In most species, EMT contributes to a number of different developmental events and is essential for proper morphogenesis and organogenesis. Diverse mechanisms control the execution of EMT and these are embedded into other programs that control cell fate induction, commitment and differentiation. Genetic analyses in Drosophila set the basis for understanding epistasis in the EMT program in gastrulation. These and subsequent studies demonstrated that Snail and Twist play major roles in modulating cell shape in the early phase of gastrulation in invertebrates, whereas only Snail is used in vertebrates. However, FGF signaling is shared between Drosophila and mouse gastrulation. The detailed gene regulatory network that governs gastrulation and EMT in each species is not yet available, but much progress has been made with the sea urchin model.

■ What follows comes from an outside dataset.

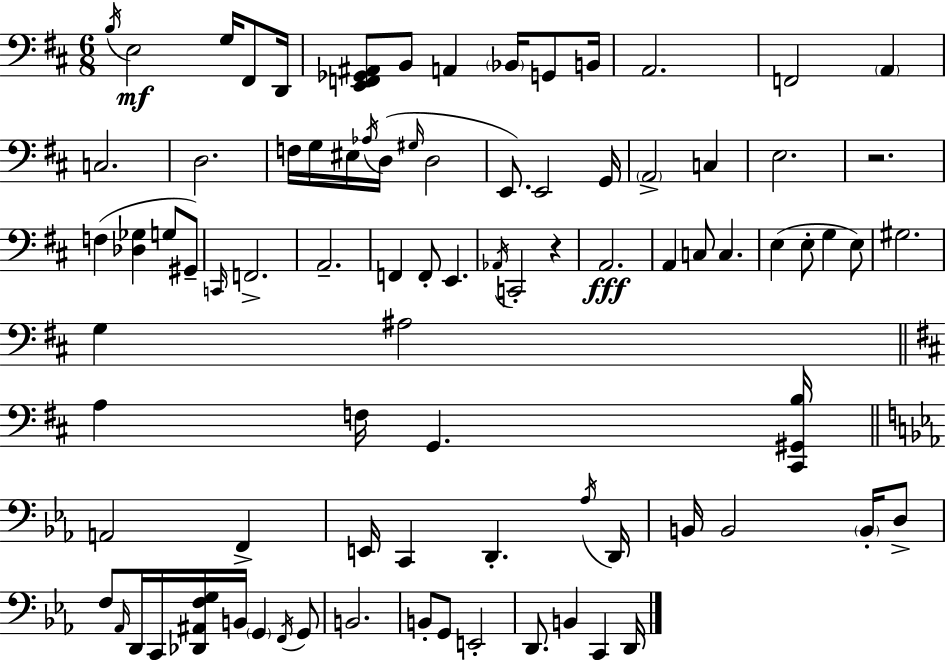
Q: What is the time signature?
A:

The neural crest exhibits another striking example of EMT, although detailed molecular pathways have also not been established. Undoubtedly, Snail is, once again, crucial in neural crest EMT, although other transcriptional regulators contribute indirectly to the delamination and early differentiation programs. Although Zeb2 involvement is clear, the inactivation of numerous other genes expressed in the neural territory has not yielded phenotypes compatible with EMT functions. Recent findings for JmjD2A in chicken and Wt1 in mouse have increased the repertoire of candidate genes that should be investigated for their role in cancer invasion and metastasis. Heart morphogenesis also offers an attractive model for examining the molecular control of EMT. In the mouse, several new pathways controlling EndMT have been uncovered, with Snail acting as an important effector and Wt1 mediating a crucial initiation step in epicardial EMT (Fig. 4).

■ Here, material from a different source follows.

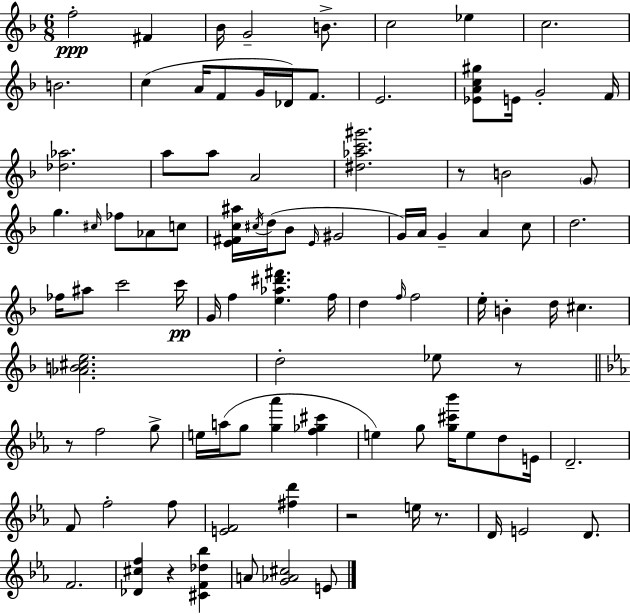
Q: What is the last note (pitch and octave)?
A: E4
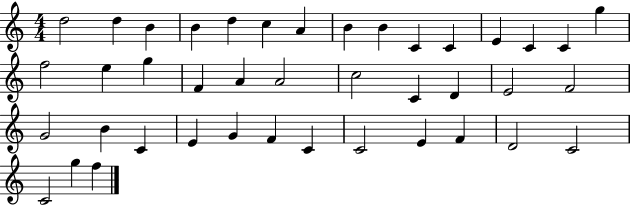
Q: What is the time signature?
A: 4/4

In vitro studies with normal epithelial cells and carcinoma cells have complemented the developmental studies. These cell-based studies have thus generated a wealth of information for deciphering the molecular mechanisms of EMT, and have also identified novel players, such as regulatory proteins, for alternative splicing and microRNAs. Together, these findings deepen our understanding of EMT in both development and disease, and will undoubtedly help to provide new therapeutic strategies for interfering with cancer invasion and metastasis.